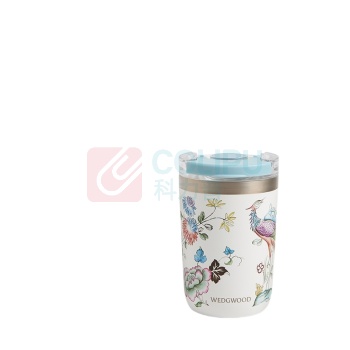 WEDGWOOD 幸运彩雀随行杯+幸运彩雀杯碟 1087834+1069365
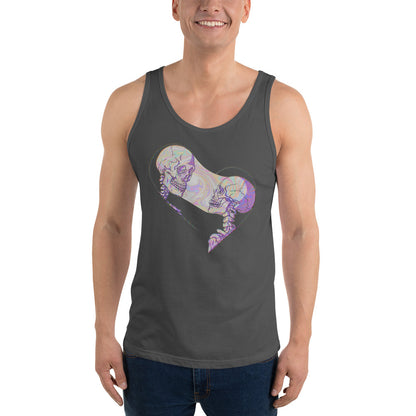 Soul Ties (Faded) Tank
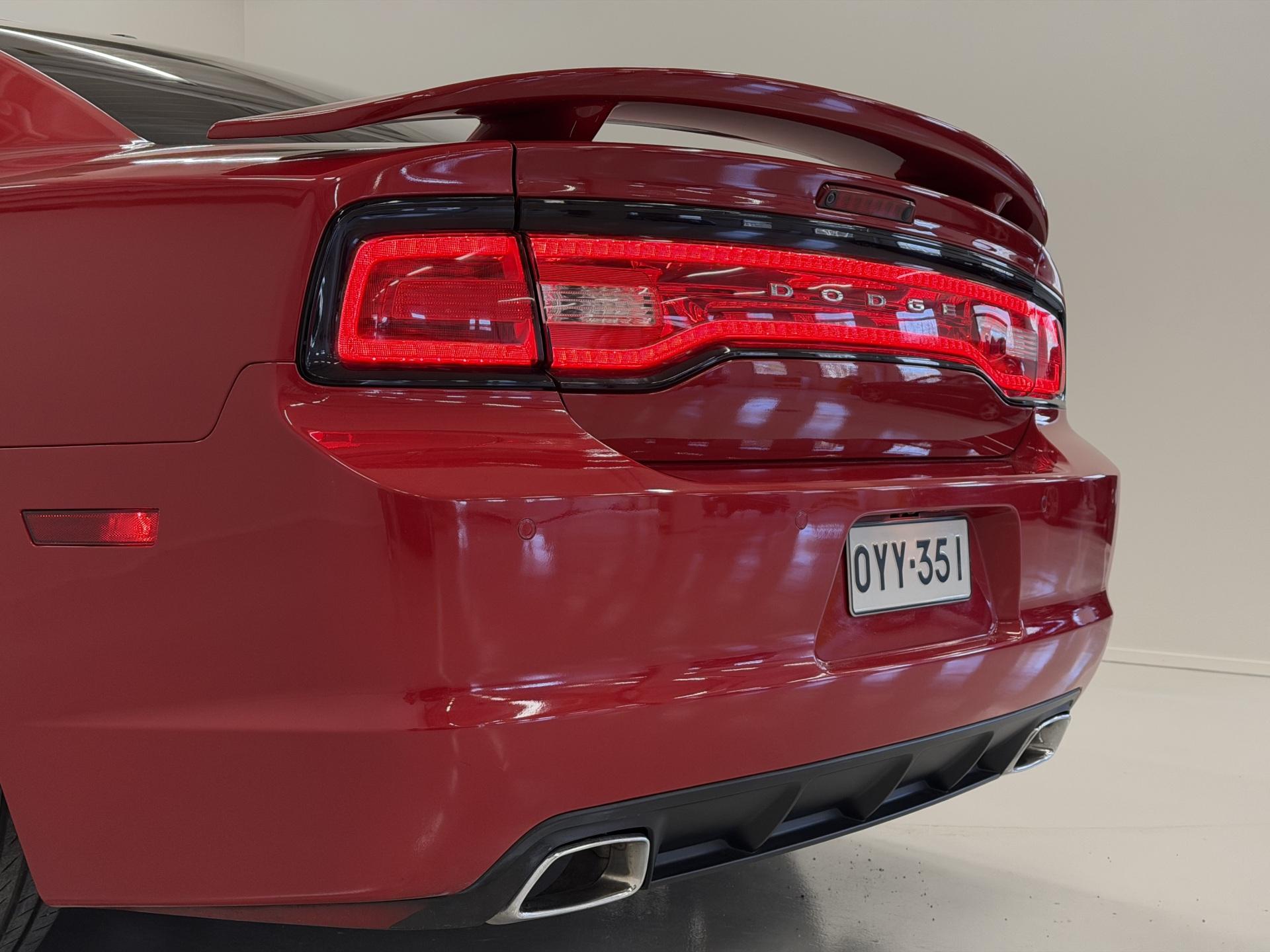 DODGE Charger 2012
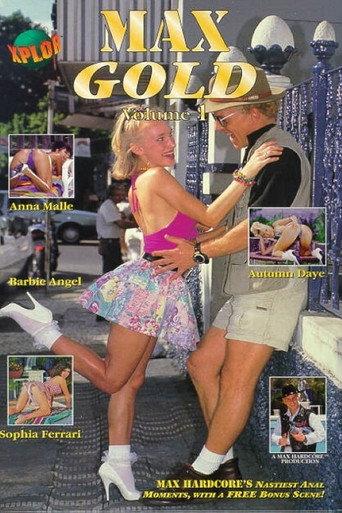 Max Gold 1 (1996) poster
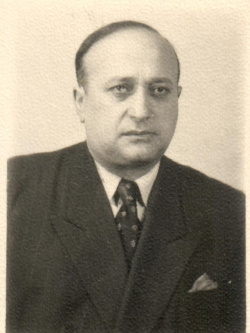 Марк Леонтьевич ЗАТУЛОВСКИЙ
--
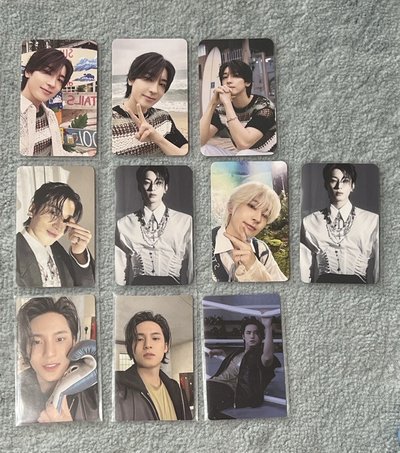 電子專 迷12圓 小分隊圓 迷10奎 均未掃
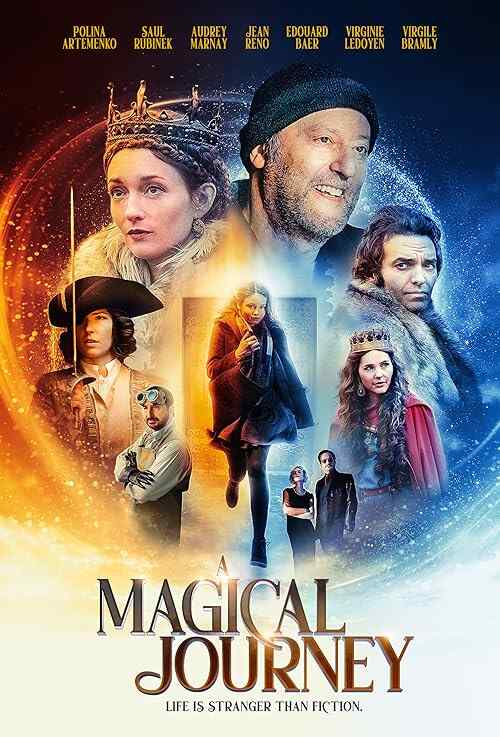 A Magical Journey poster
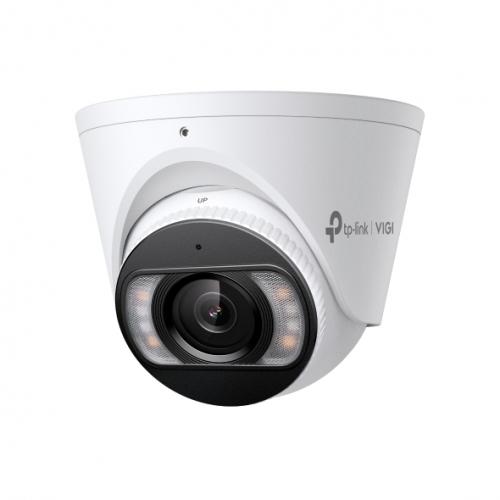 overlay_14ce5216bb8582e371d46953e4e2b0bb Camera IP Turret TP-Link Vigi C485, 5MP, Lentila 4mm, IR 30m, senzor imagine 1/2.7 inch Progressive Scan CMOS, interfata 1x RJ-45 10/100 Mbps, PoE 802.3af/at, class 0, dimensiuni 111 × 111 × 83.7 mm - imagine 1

WHAT IS EXPECTED: Could you transcribe exactly the entries above, but only the lines from the one with "電子專 迷12圓 小分隊圓 迷10奎 均未掃" through the one with "overlay_14ce5216bb8582e371d46953e4e2b0bb Camera IP", and without pictures?

TASK RESPONSE:
 電子專 迷12圓 小分隊圓 迷10奎 均未掃
 A Magical Journey poster
 overlay_14ce5216bb8582e371d46953e4e2b0bb Camera IP Turret TP-Link Vigi C485, 5MP, Lentila 4mm, IR 30m, senzor imagine 1/2.7 inch Progressive Scan CMOS, interfata 1x RJ-45 10/100 Mbps, PoE 802.3af/at, class 0, dimensiuni 111 × 111 × 83.7 mm - imagine 1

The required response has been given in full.